Ways to decrease validation loss

I have been training a deepspeech model for quite a few epochs now and my validation loss seems to have reached a point where it now has plateaued. After reading several other discourse posts the general solution seemed to be that I should reduce the learning rate.

I have done this twice (at the points marked on the tensorboard graph) and this did make a slight difference initially but then the validation loss returned to it’s previously plateaued level.

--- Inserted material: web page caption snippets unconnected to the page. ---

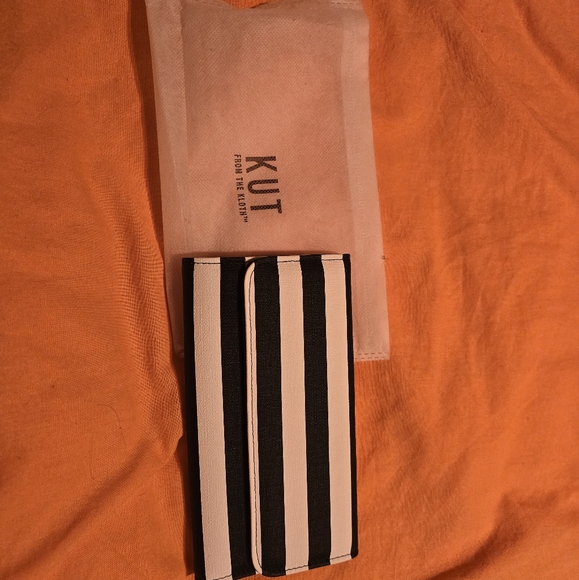 KUT FROM THE KLOTH WALLET - Picture 2 of 4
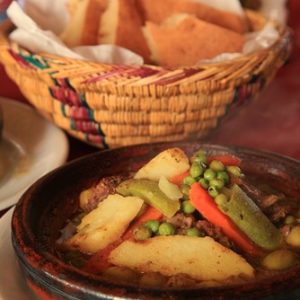 Tajine de légumes et pain dans un panier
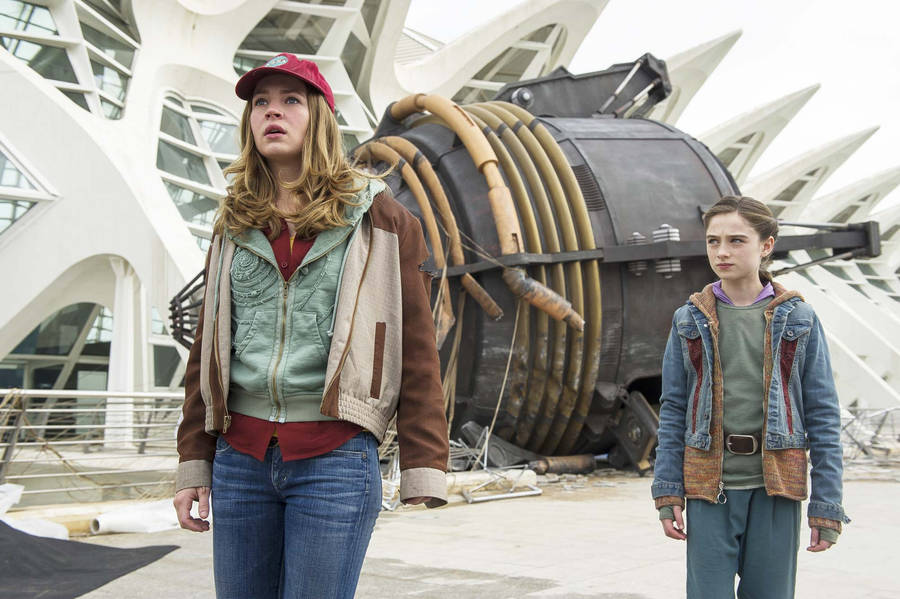 Tomorrowland Movie Casey And Athena Wallpaper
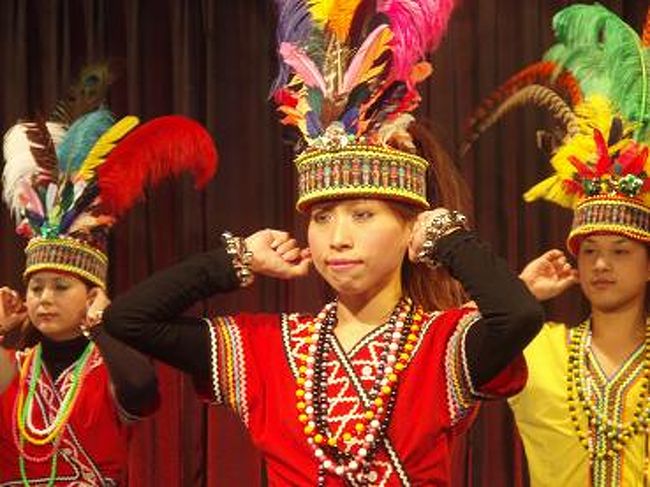 ショーが始まりました〜♪<br />真ん中のお姉さんは、今年のミス烏来なんだって！<br />美人さん(*^-^*)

I also increased the dropout rate in the hopes that this would produce a more generalised model but and improve the validation loss but it really only increased the training loss and didn’t change the validation loss.

My next thought is to increase the size of the dataset (currently a combination of Common Voice, Librispeech and TED-LIUM at around 1700 hours) Are there any other changes that could be performed other than collecting more data?

Hard to tell without a better overview of your current training parameters.

From your plot (which is missing legends, so I don’t know what is on the x axis, I’ll assume epochs), it seems you are not learning really after epoch 30k, the (hard to read) lines seems to have the asme delta until 40k where you obviously overfit.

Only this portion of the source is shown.